A lot of top forex traders avoid the topic of measuring their trading performance which every top FX trader must know how to do. You need to spend time researching trading performances since it plays a crucial role in formulating your trading strategy. Most forex traders tend to measure their trading performance in terms of losses and dollars made. The bottom line is going to be the ultimate score when measuring your performance in dollars.
However, that doesn’t give you the real picture of your trading strategy, and it is imperative that you measure your day trading performance through other metrics if you want consistent long-term gains. Evaluating and understanding the performance of your trading system will help you avoid costly mistakes and get the right results. A lot of traders don’t completely understand how to interpret their trading results and risk properly, which stops them from becoming the best forex trader they can be.
You can express trading performance in several forms and complex algorithms, and it is technically the mechanism that helps evaluate a trader’s risk tolerance and return or lack thereof. You can measure all types of trading performance, whether it is for swing traders, day traders, and all the rest. The most challenging thing about measuring trading performance is making sense of all the measurement approaches and numbers, which is what we will be discussing below.
There are a lot of different metrics and statistics that help measure performance for traders, and the most common statistics used for measuring trading performance over time are as follows:
Absolute drawdown is known as the difference between the minimal point below the deposit level and the initial deposit, during the testing period. It shows you how big your loss will become compared to the initial deposit when trading. If the value was 0 during the test, your deposit wasn’t at risk.
Relative drawdown is known as the highest Max-Drawdown in percentage in the test period.
For instance: You start with $10,000, and on your first trade your equity goes down to $9,500, meaning you suffered a 5% loss in percentage. The maximum drawdown and relative drawdown will lock that as the highest draw-down it’s ever seen in percentage. Then your trading turns around and you profit $1,500. Now your account worth is $11,500. On your next trade, you have lost $2,000. Now your account worth is $9,500. While the absolute drawdown would be $10,000 – 9,500 which is only 5% absolute drawdown, the relative drawdown would be from the peak highest value of the account $11,500 minus the lowest unrealized value of the account, which is 9,500, which is equal to $2,000 in relative drawdown.
Click to learn more about Drawdown in Forex, and how it makes you a better trader.
The third common metric for measuring trading performance is the profit factor. It calculates the total of your winning trades and divides it with the total value of your losing trades to determine profitability.

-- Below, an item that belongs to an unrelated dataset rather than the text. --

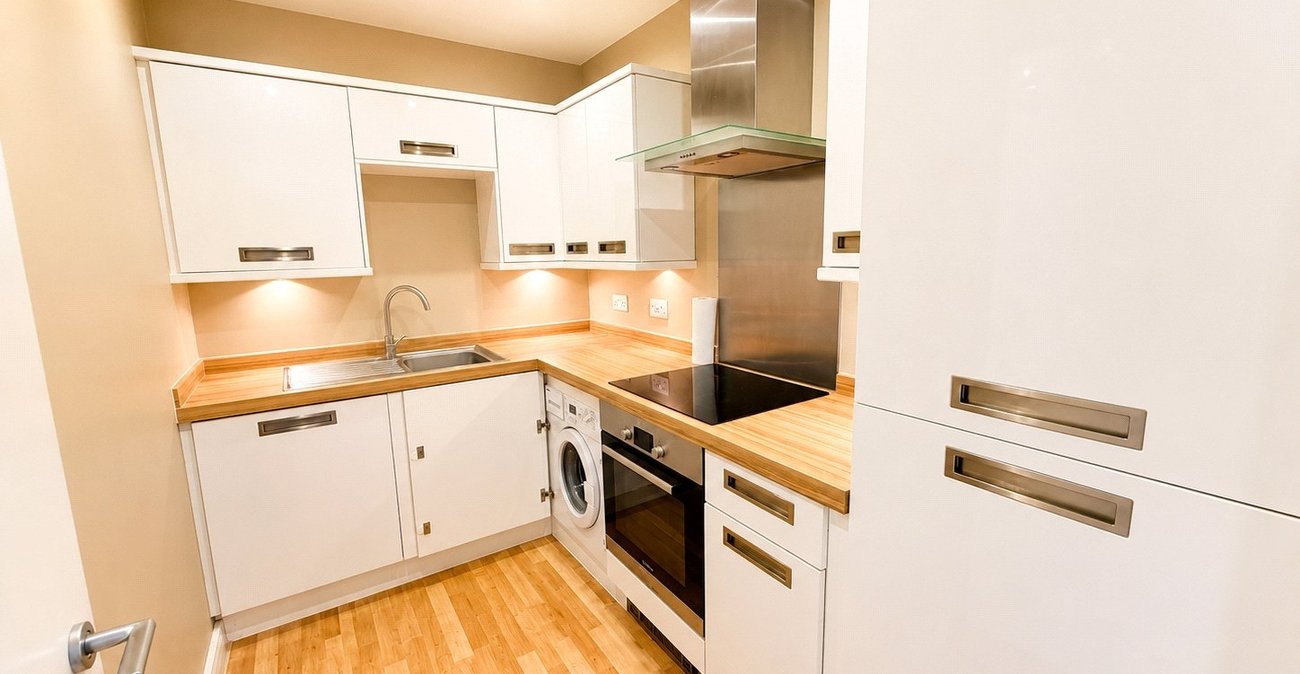 2 bedroom property for sale in London | Robinson Jackson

It is calculated in terms of R since it helps you check the amount of money you make relative to your losses, irrespective of the number of trades. For instance, If you have a winning percentage of 40%, but your wins are bigger than your losses, you will still turn up a profit. The table below accurately illustrates this point:
|10 Total Trades|
The table above shows that you still managed to turn a profit, even though you had more losses than wins. It showed that you are still 65% more profitable on your winning trades, and therefore managed to land in the black.
Here you can find a great example of a money management strategy called The Lower Hanging Fruit
Standard deviation is recognized as the statistical measure of market volatility, which measures how widely prices are dispersed from the average price. If prices were trading in a narrow trading range, the standard deviation will show a low value, indicating low volatility. However, if prices swing up and down, then the standard deviation will show a high value, indicating high volatility.
Standard deviation is one of the most important tools used in trading and investing strategies, since it measures market volatility, security, and predicts trading performance trends.
When it comes to investing, an index fund will have a lower standard deviation than its benchmark, because the goal of the fund is to replicate the index. However, you can also expect aggressive growth funds to have high standard deviations compared to stock indices because portfolio managers made aggressive bets to help generate above-average returns.
A low standard deviation isn’t the best for trading, but that depends on the investments you are making and the risk you are willing to assume. When dealing with deviation in your portfolio, you must consider your overall investment objective and your tolerance for volatility.
The Sharpe ratio is designed to measure the risk-adjusted performance of a strategy. The ratio is reported by asset managers and offers an easy way to compare performance between strategies. It has several variations in calculating the Sharpe ratio, but the common is the excess return of the strategy, divided by the standard deviation of the returns. The interpretation of the ratio is the total excess return you get per unit of risk. Higher levels are more desirable.
The graph below plots the 12-month rolling Sharpe ratio for the strategy and sets the benchmark. I have smoothed the Sharpe ratio to make the interpretation clearer.
The interpretation is that the M01 strategy managed to outperform the benchmark rarely, and the period from 2012 to 2016 was underperformance. The Sharpe ratio doesn’t apply when excess returns are negative because low volatility, creates a negative Sharpe ratio. There are several other risk-adjust measures, but most of them attempt to find the same thing. The ratios are used commonly to compare strategies and let others know whether a trading strategy is effective or not for use in their trading plan.
Learn more about the trading ratio
You have to measure and back-test your trading strategy, this is one of the keys to becoming a profitable trader.
You shouldn’t limit yourself to measuring your system for only 1 year or for 100 trades.
Always measure your strategy, especially if you decided to change one of the indicators.